Overnight temperatures dropped to -6.9ºC, Hawarden was one of the coldest places in the UK, those sort of temperatures aren’t expected to be seen tonight.
All Coleg Cambria sites are due to reopen tomorrow having been closed on Monday and today due to icy conditions.
Update 12/12/17- 2pm
All Coleg Cambria sites will be fully open again from tomorrow, Wednesday 13th December 2017.
— Coleg Cambria (@colegcambria) December 12, 2017
Latest weather forecast:
A sunny, but very cold start with severe frost, ice and some freezing fog patches which will be slow to clear. Some early showers in the west will fade, but it will turn cloudier with rain later. Maximum temperature 7 °C.
Turning windy with rain spreading eastwards through the first part of the night. Clearer skies will follow for a time, although further heavy, showery rain will arrive later. Minimum temperature 0 °C.
Windy with spells of heavy and showery rain. Turning drier and brighter through the afternoon, but further rain, perhaps with some snow will arrive overnight. Maximum temperature 9 °C.
Outlook for Thursday to Saturday:
Windy on Thursday with sunny spells and scattered showers. Turning colder through Friday and Saturday with sunny spells and some showers, mainly in the west. Frosty overnight.

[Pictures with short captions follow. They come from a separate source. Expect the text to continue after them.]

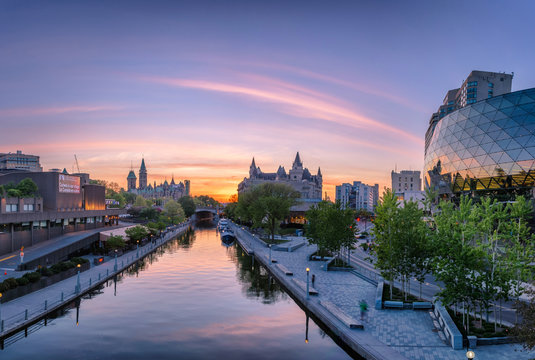 View of Parliament buildings from Plaza Bridge Ottawa during sunset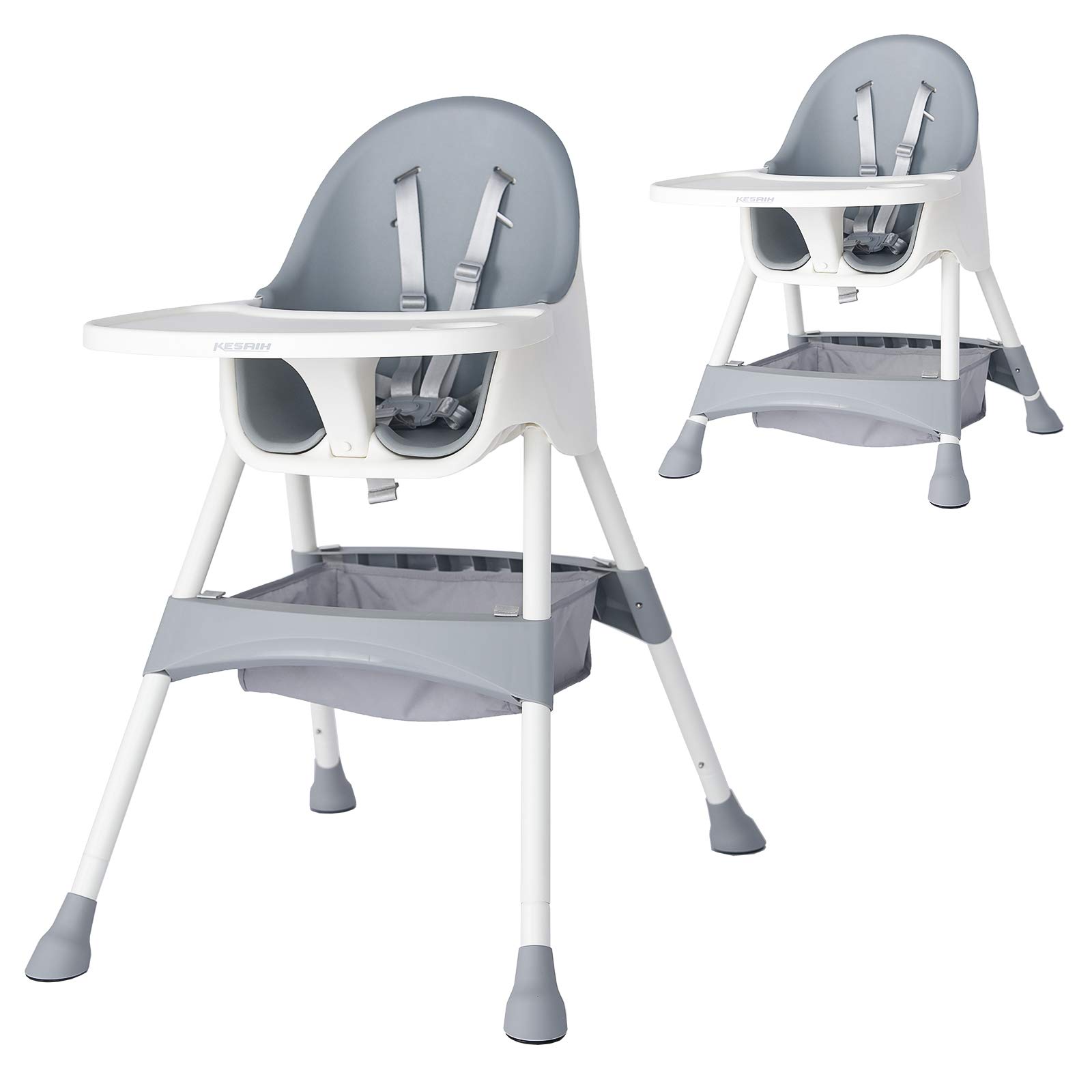 KESAIH High Chair, Height Adjustable High Chairs for Babies and Toddler with Easy-Clean Pu Cushion, Removable Tray, Adjustable Feet, 5 Point Safety Harness, Modern Toddler High Chair （Grey）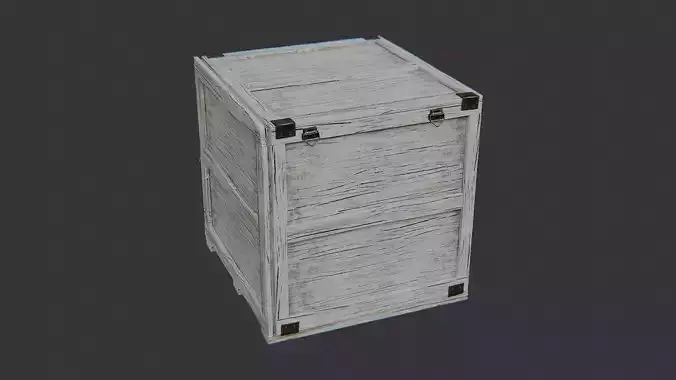Wooden Open-Front Shipping Crate Painted White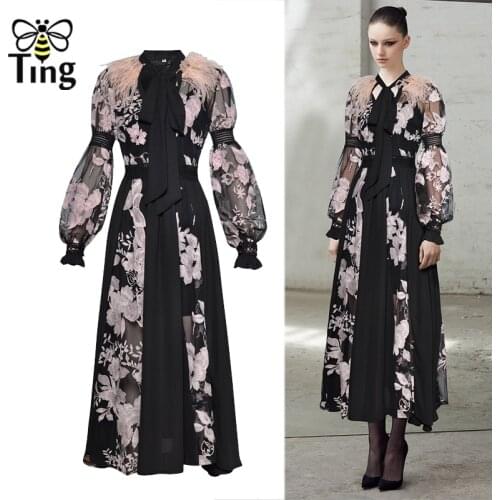 Tingfly Designer Chic Women Autumn Floral Embroidery Midi Length Dress Sheer Mesh Vintage Black Swan A-line Elegant Vestidos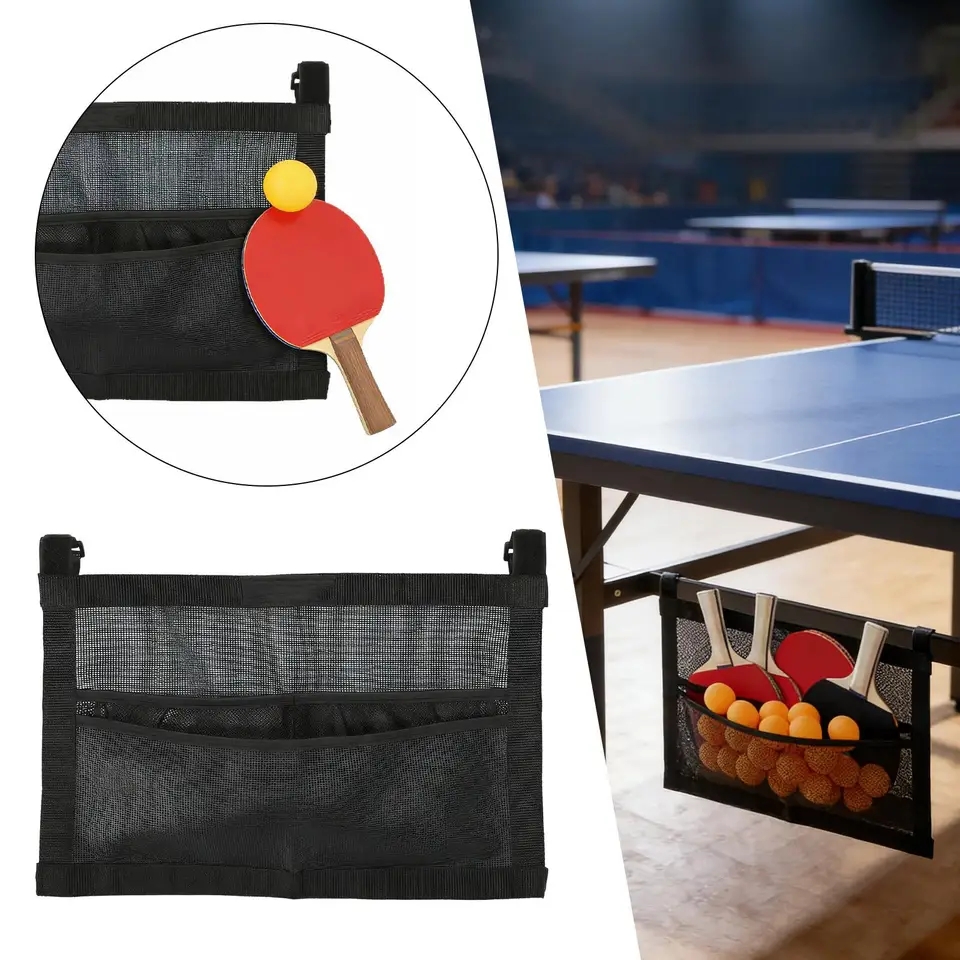 Table Tennis Training - ที่เก็บลูกปิงปองแบบตาข่ายใหม่ ความจุขนาดใหญ่ สำหรับจัดเก็บลูกเทเบิลเทนนิส ติดผนังหรือใต้โต๊ะ สำหรับฝึกซ้อม
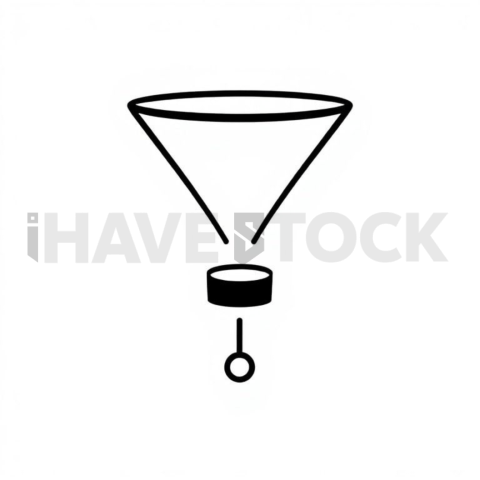 Business & marketing vector icon — marketing funnel, premium minimal svg, 1px stroke, sharp corner system #0083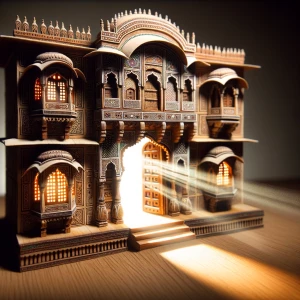 a indian rajasthani inspired haveli opens its doors and sunlight...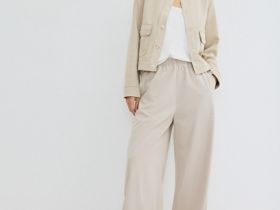 Широкие брюки с эластичным поясом, Бежевый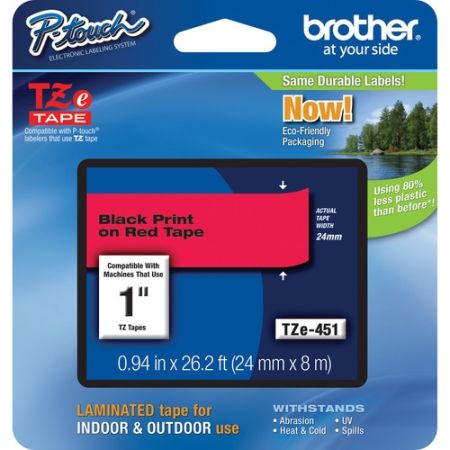 Brother TZE-451 Laminated Tape for P-Touch Labelers (Black on Red, 1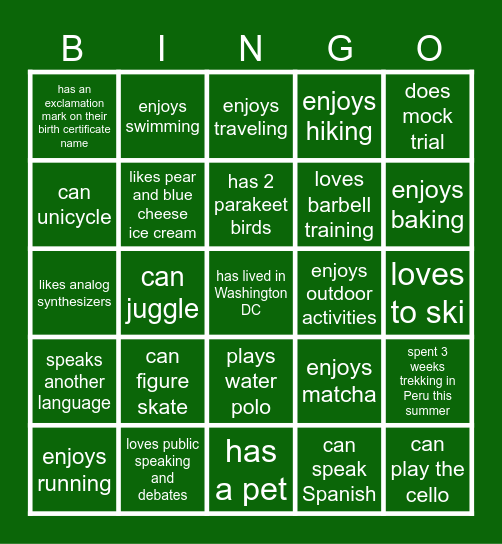 Student Ambassador Bingo! Bingo Card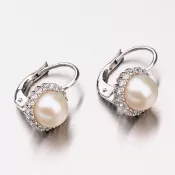 Náušnice s perlou a zirkónmi 12-378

Chief Forecaster’s assessment:
‘A band of rain with some snow (this mostly on hills) will reach western Scotland and Wales on Tuesday afternoon and move quickly eastwards across all parts through the evening and overnight.
Whilst a brief spell of snow is likely, mostly on high ground in the north of the yellow area, the main hazard is likely to be icy surfaces where rain falls onto frozen ground.
This risk is greatest across parts of Scotland and northern England where the impacts could locally be greater than elsewhere.
Temperatures may then rise a little for a time overnight before falling again by Wednesday morning as cloud clears, so ice remains likely. In addition, some wintry showers may affect western Scotland on Wednesday morning.’